Segment Open

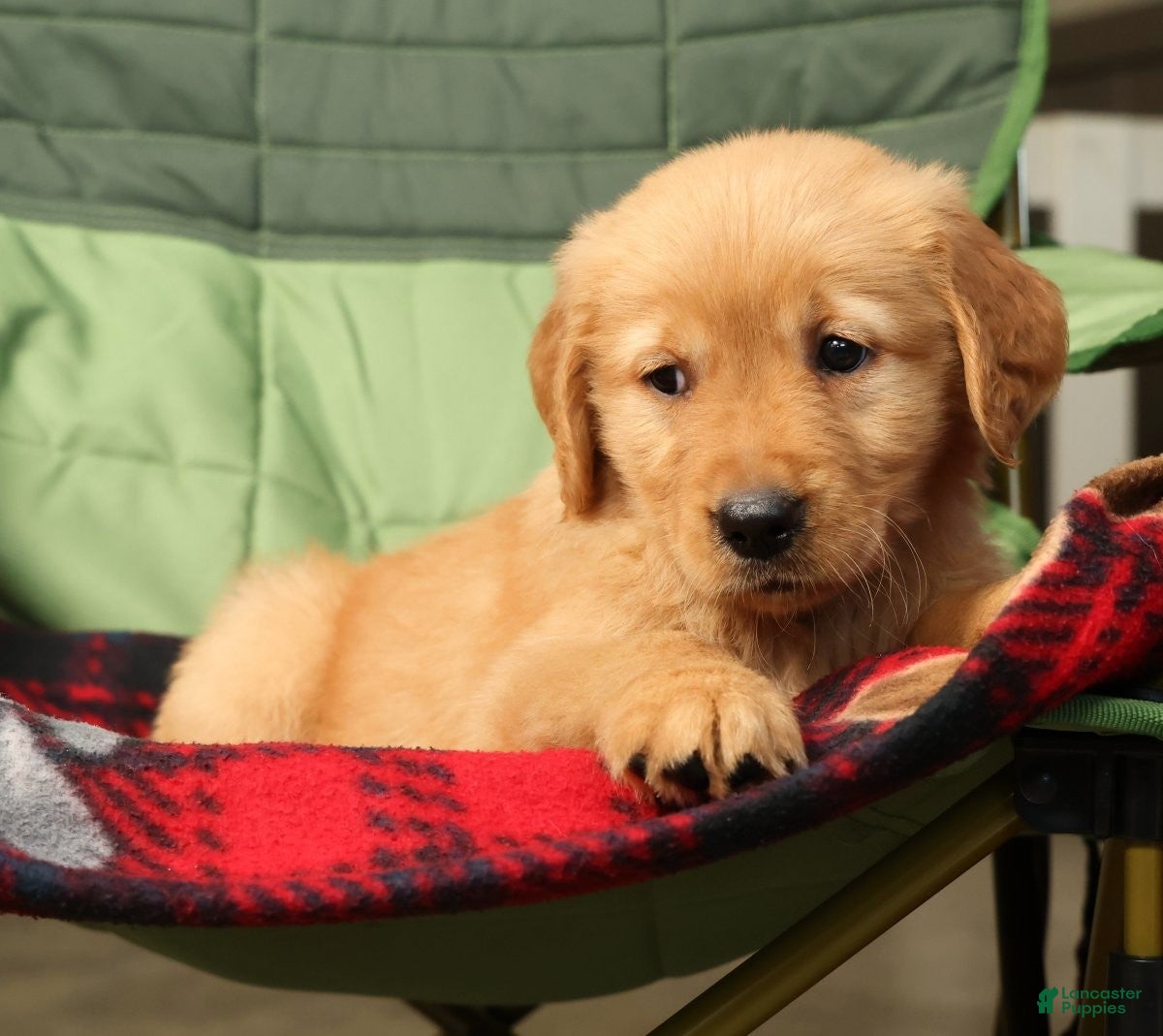 Golden Retriever dogs for sale: Genesis - Ad 1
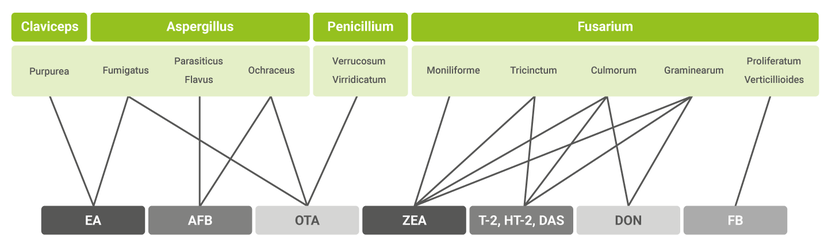 Figure 2: Fungi and their respective mycotoxins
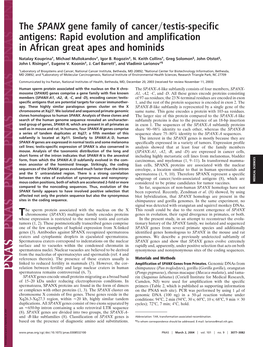 The SPANX Gene Family of Cancer Testis-Specific Antigens
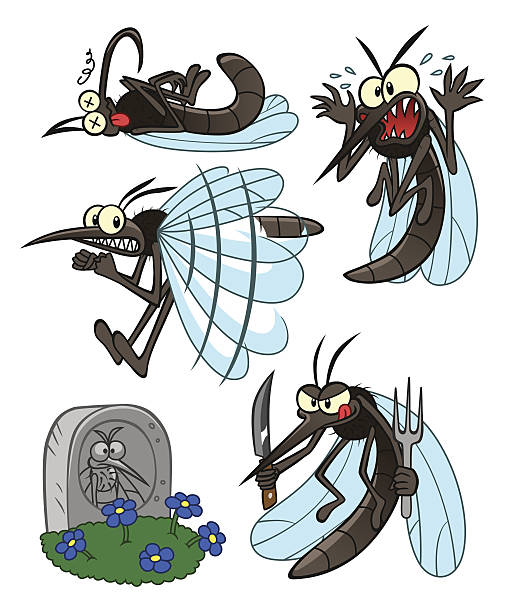 ilustraciones, imágenes clip art, dibujos animados e iconos de stock de mosquito de - mosca insecto ilustraciones
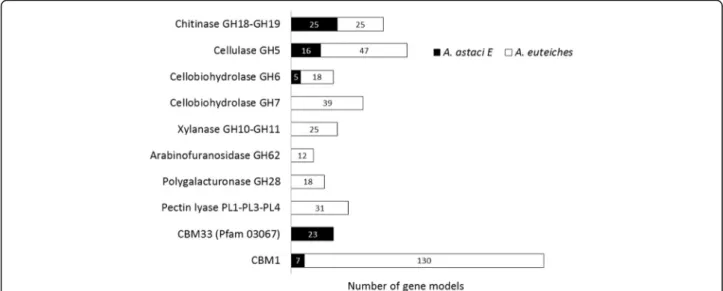 Fig. 4 Most representative CAZyme families predicted in A. euteiches and A. astaci genomes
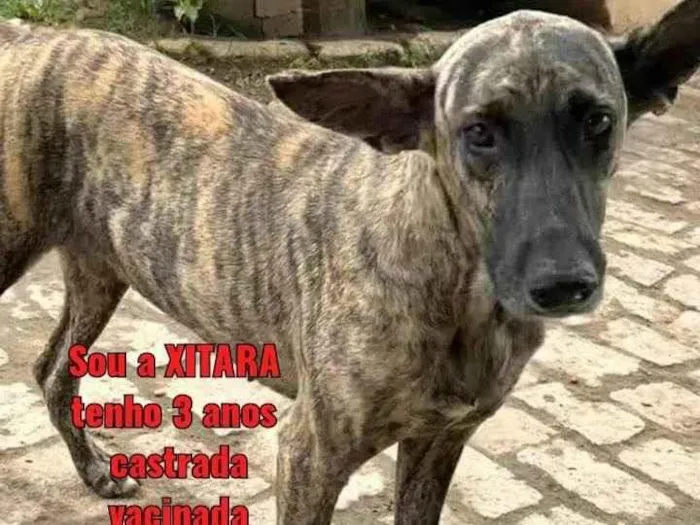 Cachorro ra a SRD-ViraLata idade 3 anos nome Xitara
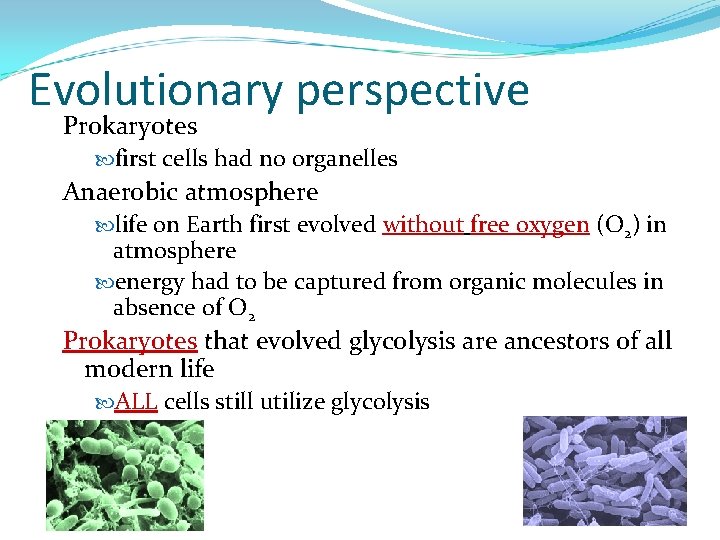 Evolutionary perspective Prokaryotes first cells had no organelles Anaerobic atmosphere life on Earth first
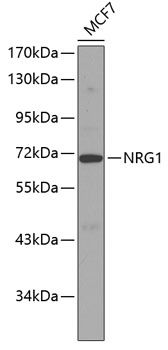 NRG1 Rabbit polyclonal antibody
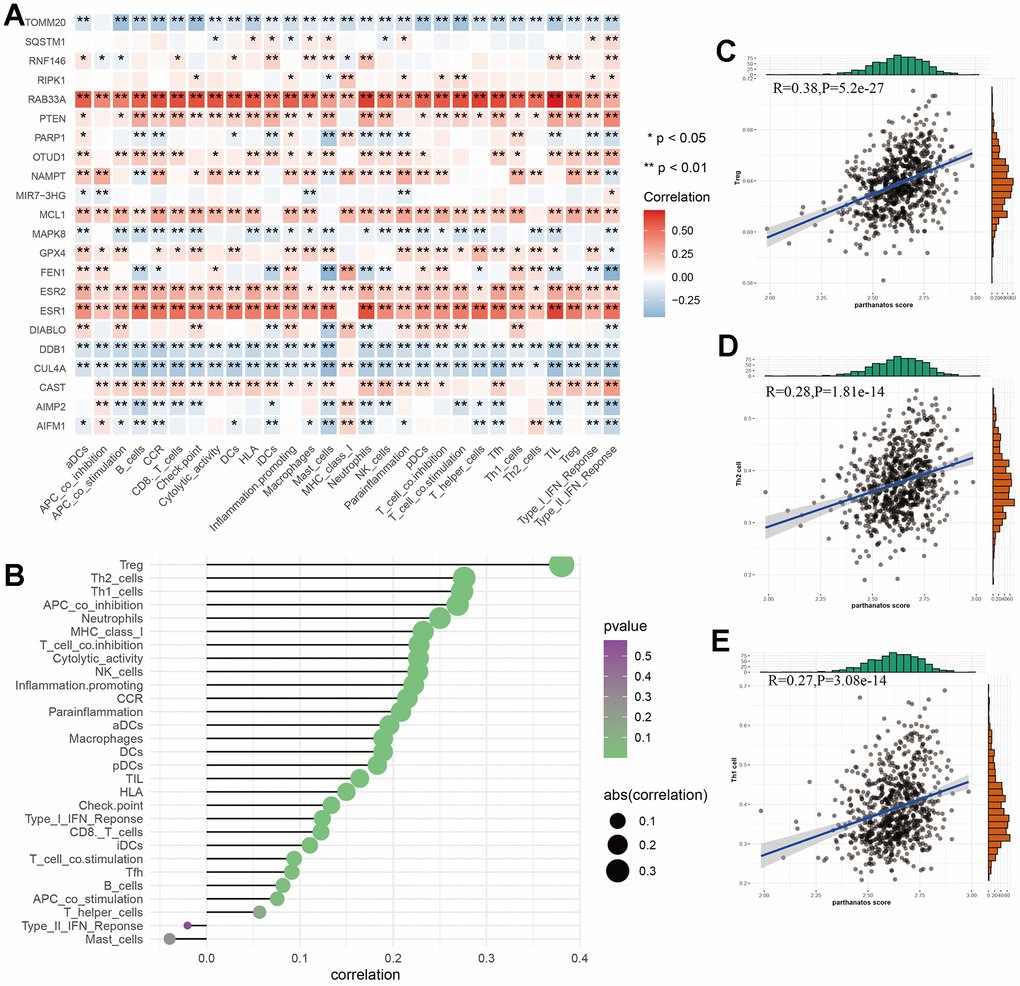 Relationship between parthanatos score and immune microenvironment in GC. (A) Heat map depicting the relationship between parthanatos-related genes and levels of immune cell infiltration. Positive correlations are shown in red, negative correlations are shown in blue, and p-values are shown by *. (B) The bubble plot shows the correlation between parthanatos score and the levels of infiltration of various immune cells, with the size of the circle indicating the size of the correlation and the color of the circle indicating statistical significance. (C–E) Correlation between parthanatos score and Infiltration levels of three kinds of immune cells. *: p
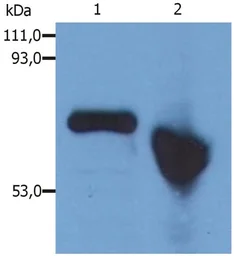 Anti-Alpha fetoprotein / AFP antibody [AFP-01] used in Western Blot (WB). GTX23980
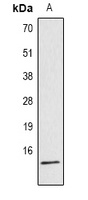 Histone H4 (AcK16) antibody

Segment Closed

WHAT YOU NEED TO DO:
The expected output is an exact copy of the lines from the top of the data above through the line containing "Fig. 4 Most", both included, with every picture omitted.

RESPONSE FOR THIS EXERCISE:
 Golden Retriever dogs for sale: Genesis - Ad 1
 Figure 2: Fungi and their respective mycotoxins
 The SPANX Gene Family of Cancer Testis-Specific Antigens
 ilustraciones, imágenes clip art, dibujos animados e iconos de stock de mosquito de - mosca insecto ilustraciones
 Fig. 4 Most representative CAZyme families predicted in A. euteiches and A. astaci genomes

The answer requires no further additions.